For calculating PCA features needed for foreground-background separation, we randomly sample 10,000 images from the original dataset. The threshold ( \alpha ) in Equation (7) is selected to ensure that foreground tokens account for approximately 40% of the total tokens, providing a clear separation between foreground and background.

Step 1: Extract CLIP Image Features and Compute PCA

We first extract features from 10,000 images using the CLIP ViT-H/14 backbone and then perform PCA analysis. The calculated PCA vectors act as classifiers for distinguishing between foreground and background regions.

Command to Extract Features and Perform PCA Analysis:

python tools/clip_pca/extract_features_pca.py \
    --input-list tools/clip_pca/train_sampled_1000cls_10img.txt \
    --num-extract 10000 \
    --patch-size 14 \
    --num-vis 20 \
    --model ViT-H-14 \
    --training-data laion2b_s32b_b79k

Outputs:

Step 2: Determine Suitable Noise Levels for Each Image

To maintain semantic consistency while ensuring diversity, we determine appropriate noise levels for each image using the PCA vectors and the extracted image features.

2.1 Extract Features for the Entire ImageNet Dataset

First, we need to extract features for each image in the ImageNet dataset. This process may take around 4 hours with a batch size of 1024, and the extracted features will require approximately 4GB of storage.

Command to Extract Features:

python tools/clip_pca/extract_features_pca.py \
    --input-list data/imagenet/train.txt \
    --num-extract -1 \
    --patch-size 14 \
    --num-vis 20 \
    --model ViT-H-14 \
    --training-data laion2b_s32b_b79k

2.2 Calculate Foreground Ratios

Using the previously computed PCA vectors and the foreground-background threshold (fg_thre), we calculate the foreground ratio (fg_ratio) for each image in the dataset. The fg_ratio helps quantify the proportion of foreground content within each image, which will later guide noise level determination for adaptive view generation.

Command to Calculate fg_ratio:

python tools/clip_pca/calculate_fgratio.py \
    --input-dir tools/clip_pca/pca_results/ViT-H-14-laion2b_s32b_b79k/ \
    --input-list data/imagenet/train.txt \
    --output-dir data/imagenet/ \
    --fg-thre {computed_threshold}

A file named fg_ratios.txt will be generated in the specified output directory.

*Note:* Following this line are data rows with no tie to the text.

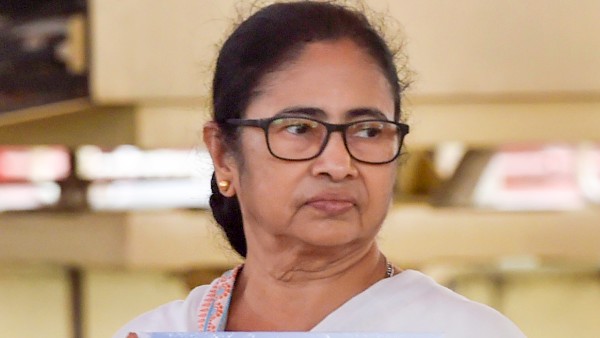 পদ কখনই বড় নয়, সবার আগে দেশ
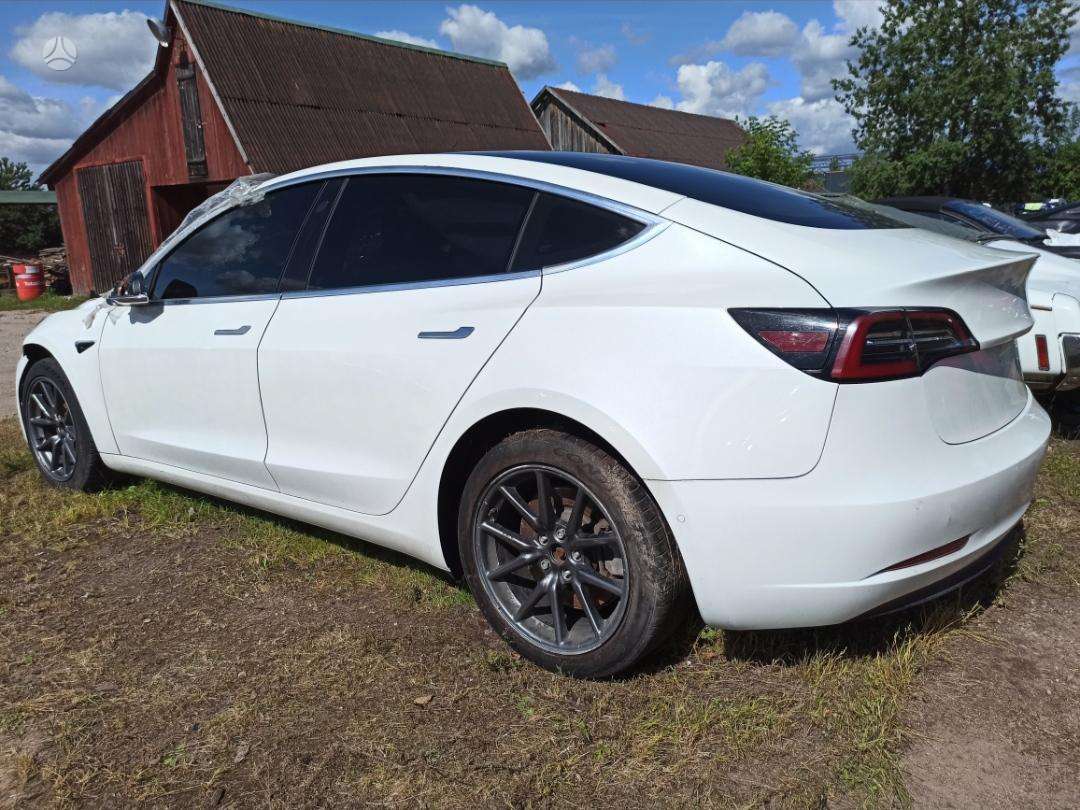 Tesla Model 3 - 4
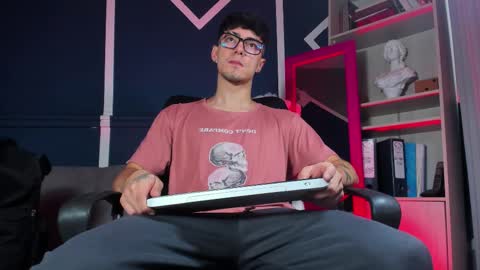 Etham online show from December 3, 2025, 12:58 pm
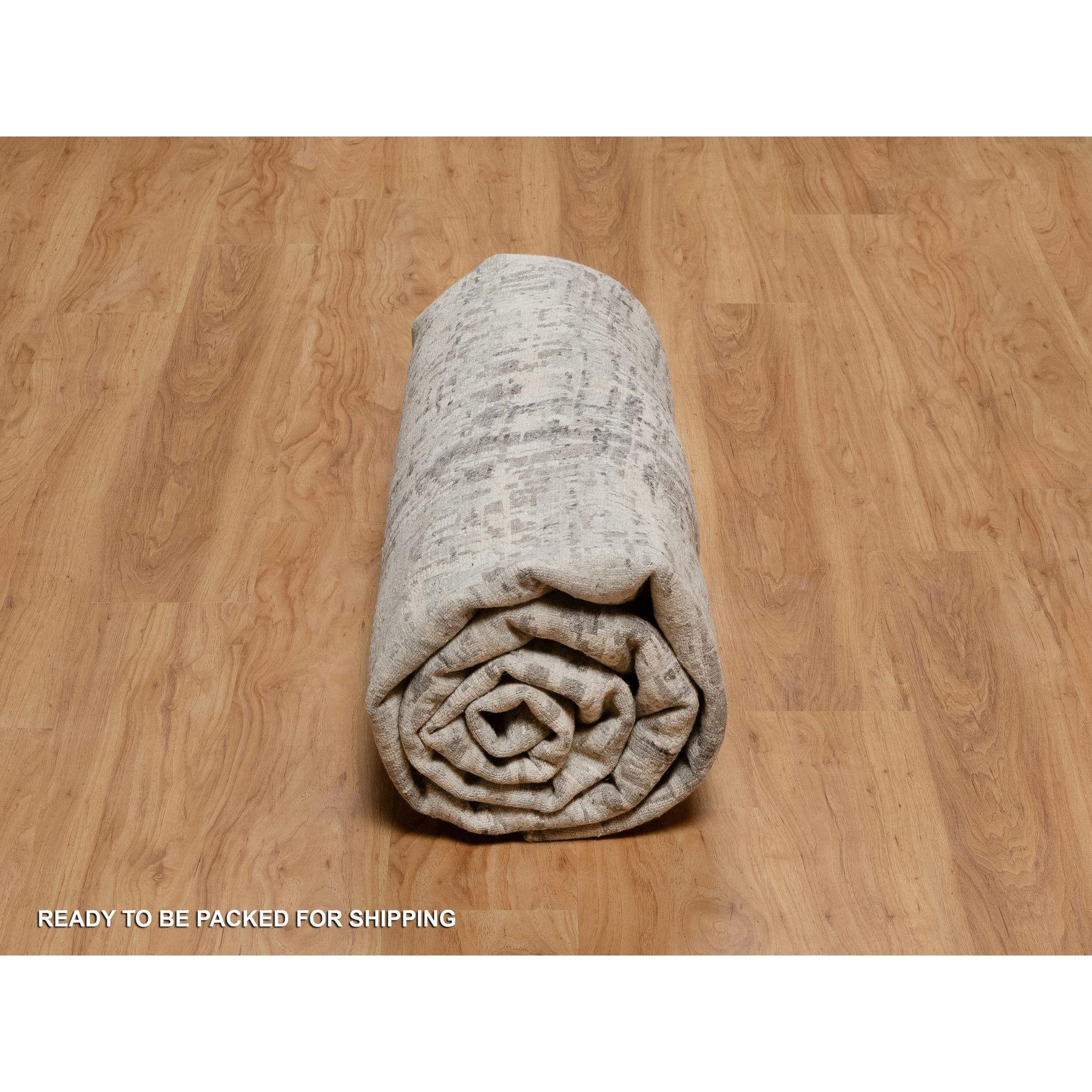 10'x10' Tapis rond en laine naturelle non teintée, noué à la main, 10'x10' Gray Modern Erased Design en vente 1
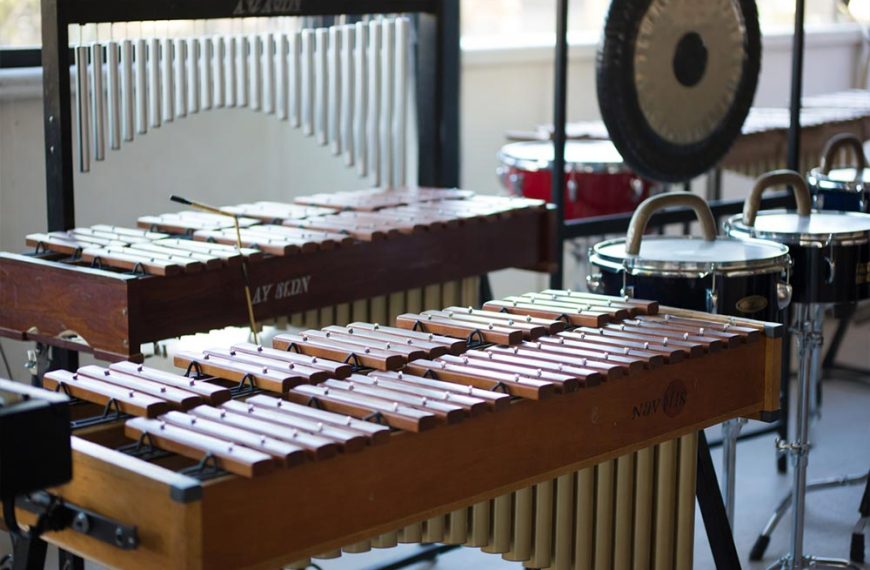 Dzwony rurowe, instrumenty sztabkowe, kotły i gong w sali prób orkiestry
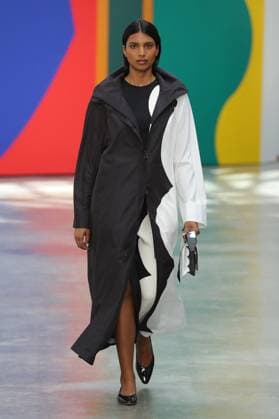 PFW - Akris Runway A model walks the runway during the Akris Womenswear Spring Summer 2026 show as part of Paris Fashion Week on October 05, 2025 in Paris, France. Photo by Alain-Gil Gonzalez ABACAPRESS.COM Paris France  Copyright: xGonzalezxAlain-Gil ABACAx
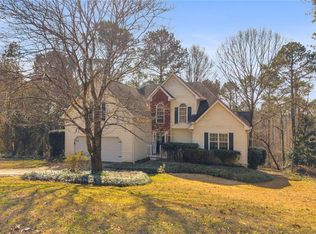 2878 Forest Ct, Loganville, GA 30052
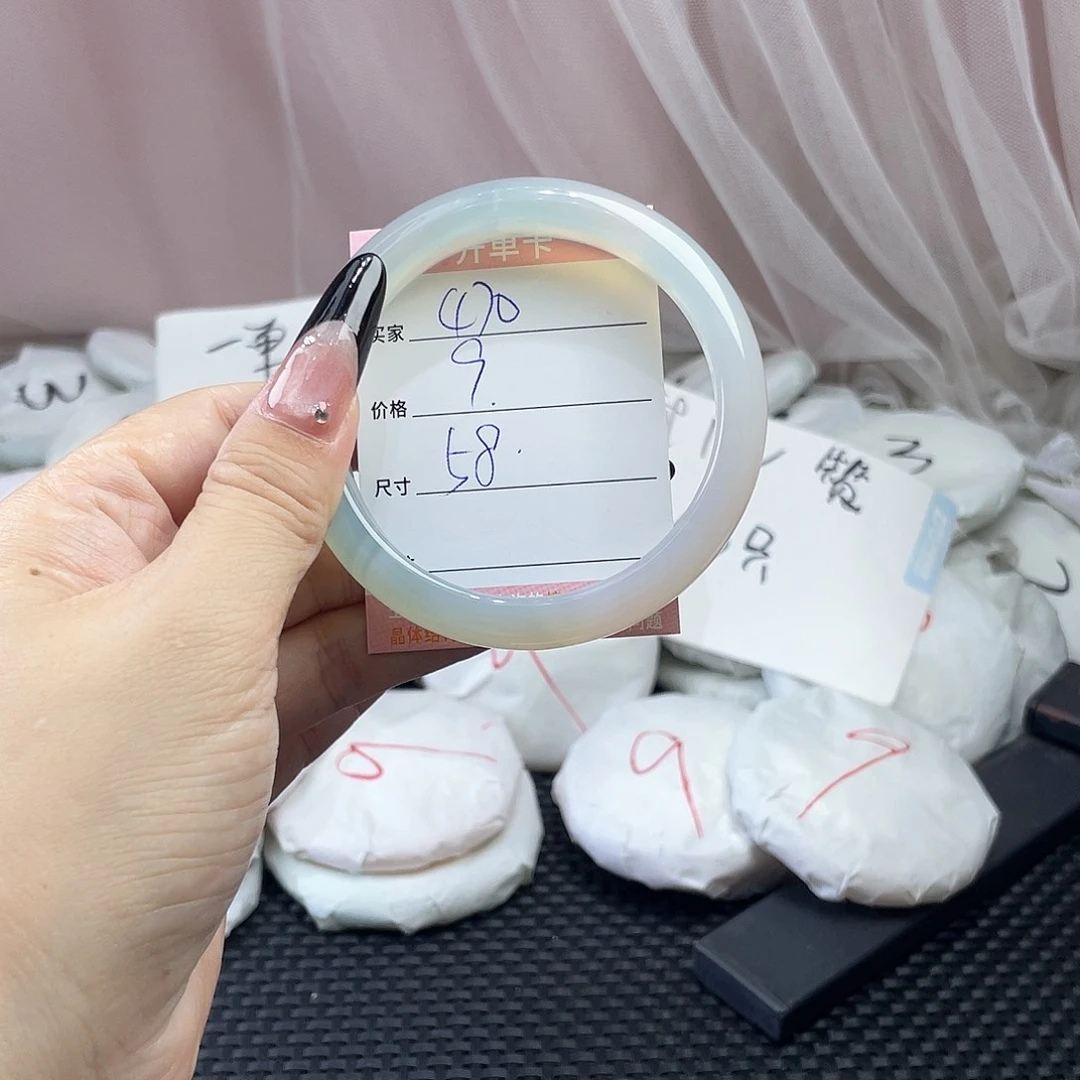 玛瑙/玉髓未镶嵌手镯470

This file contains a list of image paths paired with their respective fg_ratio values.
Each line of fg_ratios.txt is structured as:
<image_path> <fg_ratio> Example:
data/imagenet/train/img_0001.jpg 0.42 data/imagenet/train/img_0002.jpg 0.38

2.3 Generate Adaptive Noise Levels

Finally, we distribute the original fg_ratios.txt entries into separate files based on specified ranges and mapping values. Each output file is named after its corresponding mapped noise level value (e.g., fg_ratios_0.txt, fg_ratios_100.txt, etc.), containing image paths and their fg_ratio values that fall into the respective ranges.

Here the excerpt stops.